MODELO COGNITIVO COMPORTAMENTAL



O modelo cognitivo-comportamental é:

· Destinado ao tratamento de crianças, adolescentes e adultos;
· Orientado para a acção;
· Prático e racional;
· Ajuda o paciente a ganhar independência para lidar com eficácia os problemas do dia-a-dia.

Este modelo vai permitir administrar melhor os sintomas básicos da perturbação e atenuar o impacto que estes têm na sua vida.
Proporciona oportunidades para a criança:
· Educar-se,
· Colher dados sobre os seus pensamentos, sentimentos e comportamentos;
· Testar os seus pensamentos e as suas crenças;
· Praticar as técnicas cognitivas e comportamentais e experimentar comportamentos novos.

O tratamento baseado neste modelo deve incluir:
· Técnicas verbais e comportamentais que mudem os pensamentos do paciente, promovam mudanças de comportamentos e melhorem a sua função;
· Procedimentos de intervenção verbal para a mudança cognitiva e manipulações contextuais ou actividades para encorajar a mudança comportamental.

No modelo cognitivo-comportamental, o resultado final que se pretende é a auto-regulação através da melhoria da função cognitiva.

Estratégias baseadas no Modelo Cognitivo-comportamental

· Use o reforço, por exemplo, dê o brinquedo preferido à criança, sempre que desempenhar o comportamento desejado;
· Dê instruções simples e directivas, pausadamente;
· Modele/transforme gradualmente o comportamento da criança oferecendo modelos de comportamento, por exemplo criança da mesma idade e do mesmo sexo;
· Gradue uma tarefa, introduzindo de cada vez novos passos da tarefa de modo a torná-la mais complexa, mas tendo em atenção sempre o que a criança é capaz de fazer;
· Introduza novas variantes nas actividades sempre dando suporte, sendo que este deve ser progressivamente retirado;
· Faça pequenas interrupções nas rotinas, por exemplo:

- Esconda um objecto da rotina para que a criança tenha a oportunidade de prestar atenção, fazer um pedido e indicar o seu desejo:
- Providencie um conjunto incompleto de materiais utilizados numa rotina que esteja a ser reforçada, permitindo a oportunidade da criança pedir o resto do material;
- Cometa erros propositados para permitir que a criança o corrigia.
- Faça uma lenta e gradual imersão em ambientes que a criança considere agressivos, por exemplo, se ela tem aversão a locais com muitas pessoas comece por levá-la a sítios mais restritos;

Referências bibliográficas:

Cruz, P. (2007). Sebenta de Teoria da Terapia ocupacional I.

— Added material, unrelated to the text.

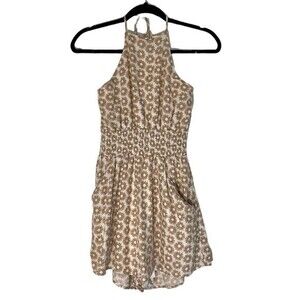 NWT American Eagle Outfitters Neutral Romper Floral Festival Linen Blend Size XS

Santos, A. (2008). Apontamento policopiados: Hiperactividade. Aula do dia 5 de Dezembro de 2008.

Miller-Kuhaneck, H., MS, OTR/L, BCP. (2001). Autism: A Comprehensive Occupacional Therapy Approach. 2ª Edição, AOTA Press.

Joyce-Moniz, L. (2005). A modificação do comportamento: Teoria e Prática da Psicoterapia e Psicopedagogia Comportamental. 1ª Edição, Livros Horizonte.